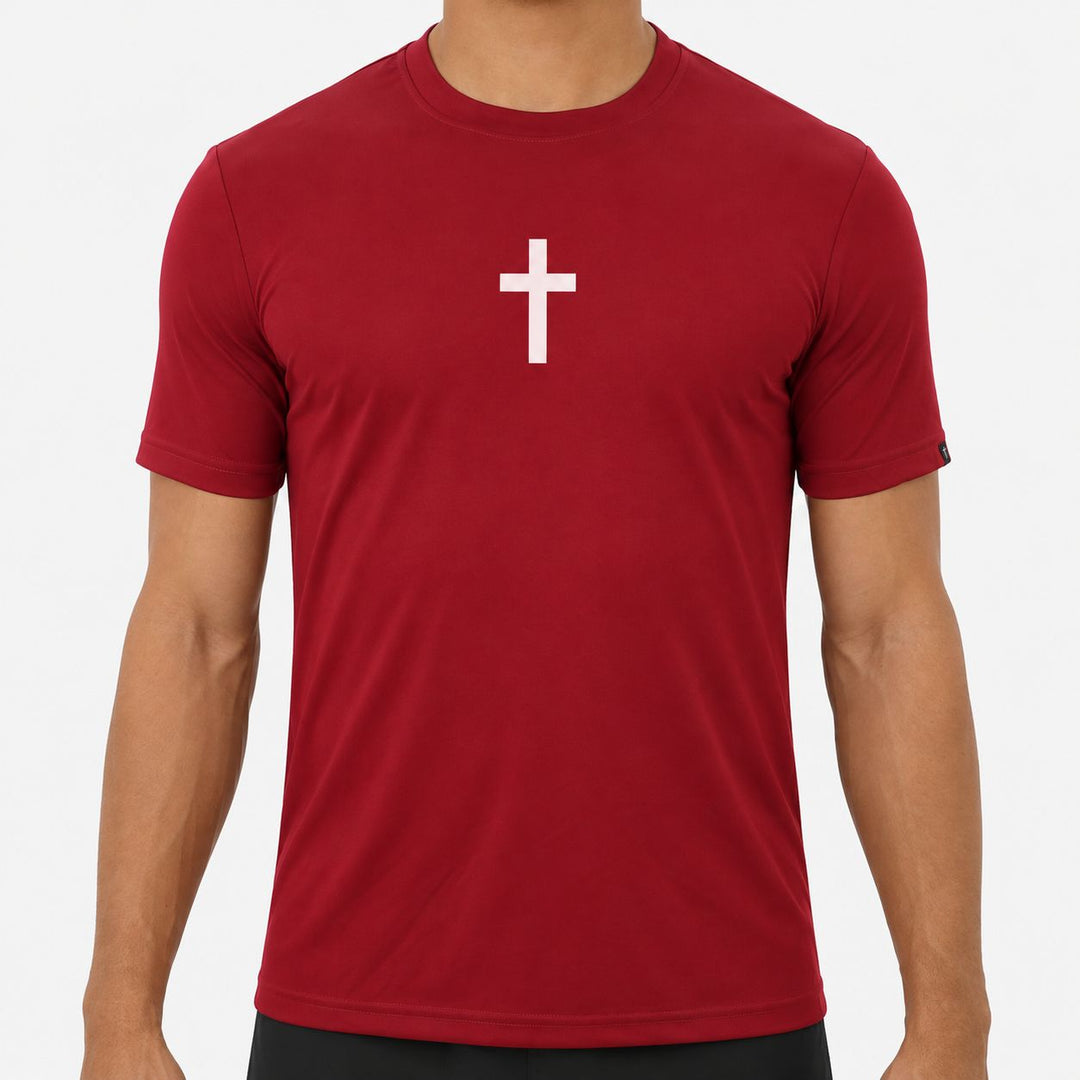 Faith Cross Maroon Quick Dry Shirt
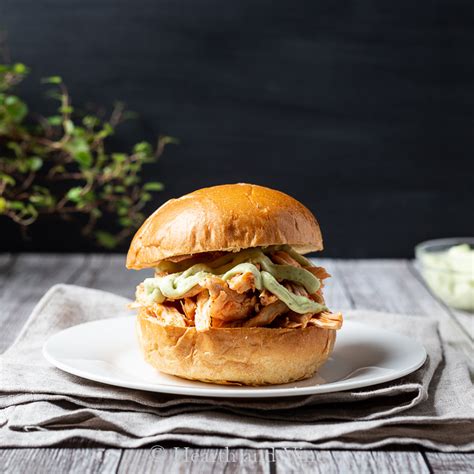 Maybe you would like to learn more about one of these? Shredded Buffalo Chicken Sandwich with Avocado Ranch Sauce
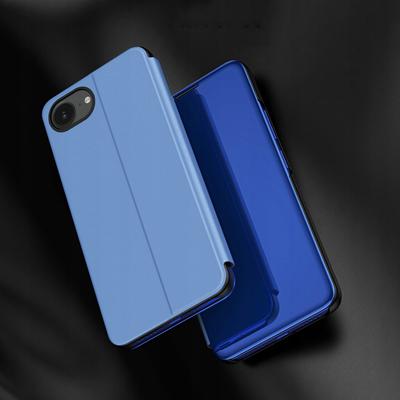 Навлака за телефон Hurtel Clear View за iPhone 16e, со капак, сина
==
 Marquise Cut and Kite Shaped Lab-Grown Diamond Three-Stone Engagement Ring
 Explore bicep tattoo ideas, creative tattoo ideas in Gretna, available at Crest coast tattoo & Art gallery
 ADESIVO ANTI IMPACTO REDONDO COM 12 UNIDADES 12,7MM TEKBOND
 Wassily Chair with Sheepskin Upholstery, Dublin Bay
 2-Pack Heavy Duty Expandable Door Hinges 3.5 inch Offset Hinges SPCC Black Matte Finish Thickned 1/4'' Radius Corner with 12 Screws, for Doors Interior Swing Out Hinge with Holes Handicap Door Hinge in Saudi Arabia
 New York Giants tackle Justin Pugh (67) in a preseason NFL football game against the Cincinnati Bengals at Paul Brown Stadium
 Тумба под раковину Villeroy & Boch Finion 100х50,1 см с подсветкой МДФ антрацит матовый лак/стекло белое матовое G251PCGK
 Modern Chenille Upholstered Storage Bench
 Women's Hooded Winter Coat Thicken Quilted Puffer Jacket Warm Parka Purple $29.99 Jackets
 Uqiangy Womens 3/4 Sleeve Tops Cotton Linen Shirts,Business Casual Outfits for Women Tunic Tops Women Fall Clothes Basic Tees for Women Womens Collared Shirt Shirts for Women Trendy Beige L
==
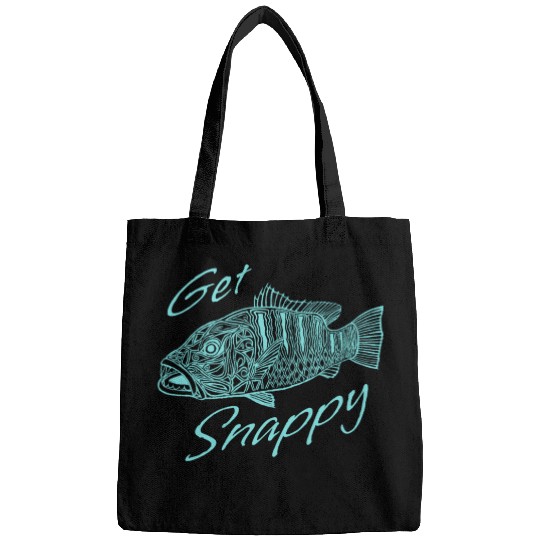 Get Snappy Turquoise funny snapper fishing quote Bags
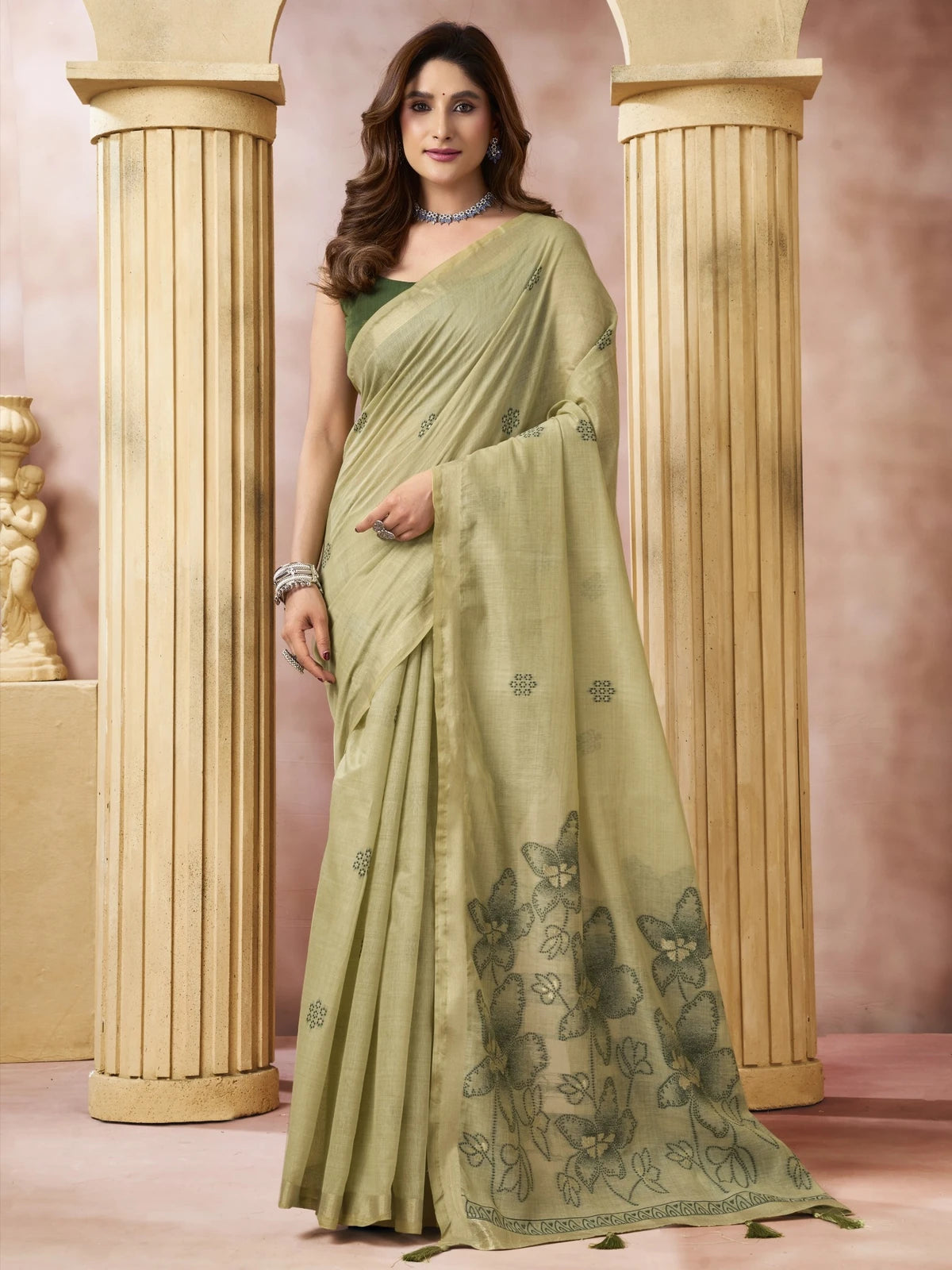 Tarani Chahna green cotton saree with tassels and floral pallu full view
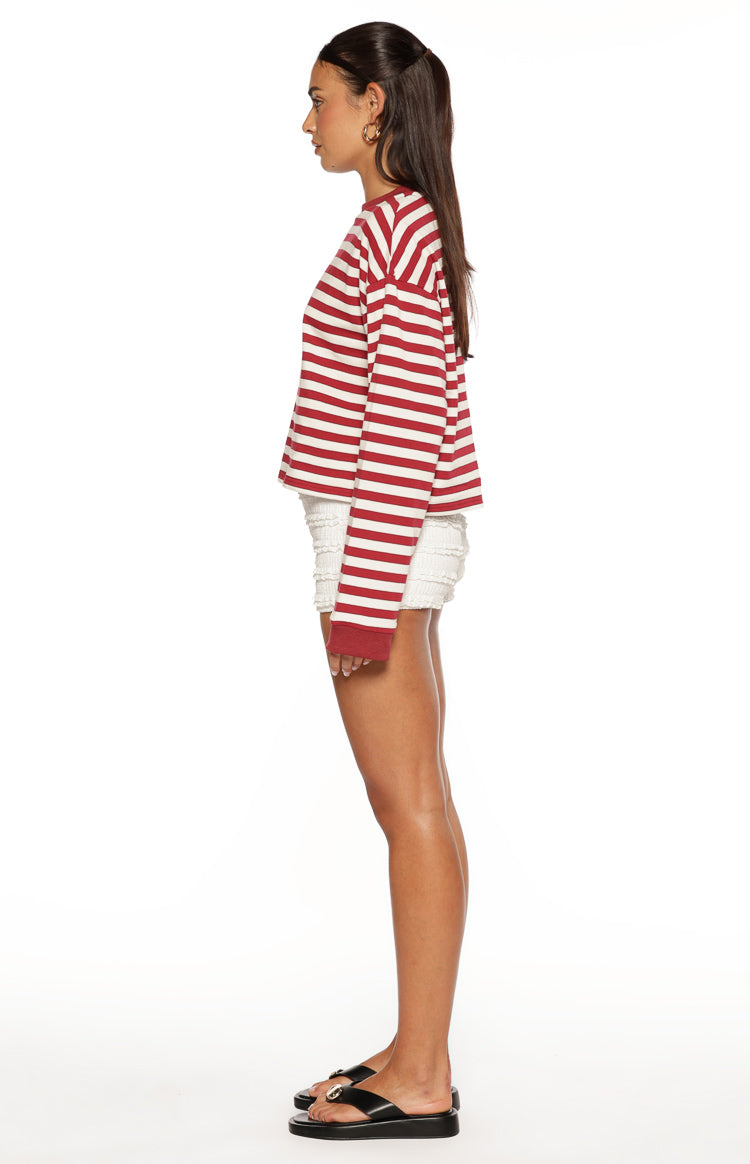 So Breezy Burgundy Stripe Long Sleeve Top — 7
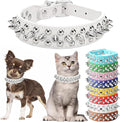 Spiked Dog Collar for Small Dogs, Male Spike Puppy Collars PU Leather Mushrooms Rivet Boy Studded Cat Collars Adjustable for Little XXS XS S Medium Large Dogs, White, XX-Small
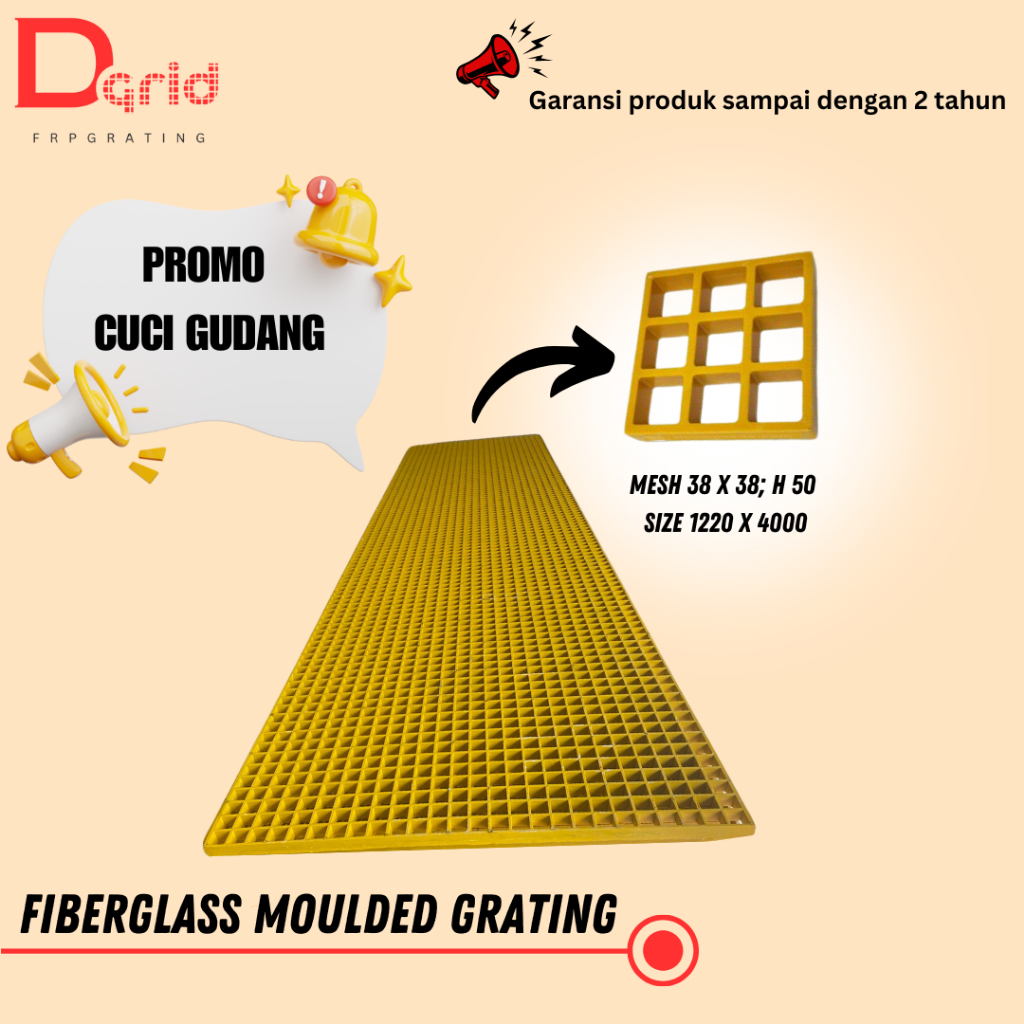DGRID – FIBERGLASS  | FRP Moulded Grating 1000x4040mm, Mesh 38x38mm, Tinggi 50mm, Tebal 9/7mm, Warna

*What the exercise asks:* In the listing above, find the line holding "Marquise Cut and" and the line holding "Modern Chenille Upholstered Storage Bench", then output those two lines and every line between them exactly.

*Answer to the exercise:*
 Marquise Cut and Kite Shaped Lab-Grown Diamond Three-Stone Engagement Ring
 Explore bicep tattoo ideas, creative tattoo ideas in Gretna, available at Crest coast tattoo & Art gallery
 ADESIVO ANTI IMPACTO REDONDO COM 12 UNIDADES 12,7MM TEKBOND
 Wassily Chair with Sheepskin Upholstery, Dublin Bay
 2-Pack Heavy Duty Expandable Door Hinges 3.5 inch Offset Hinges SPCC Black Matte Finish Thickned 1/4'' Radius Corner with 12 Screws, for Doors Interior Swing Out Hinge with Holes Handicap Door Hinge in Saudi Arabia
 New York Giants tackle Justin Pugh (67) in a preseason NFL football game against the Cincinnati Bengals at Paul Brown Stadium
 Тумба под раковину Villeroy & Boch Finion 100х50,1 см с подсветкой МДФ антрацит матовый лак/стекло белое матовое G251PCGK
 Modern Chenille Upholstered Storage Bench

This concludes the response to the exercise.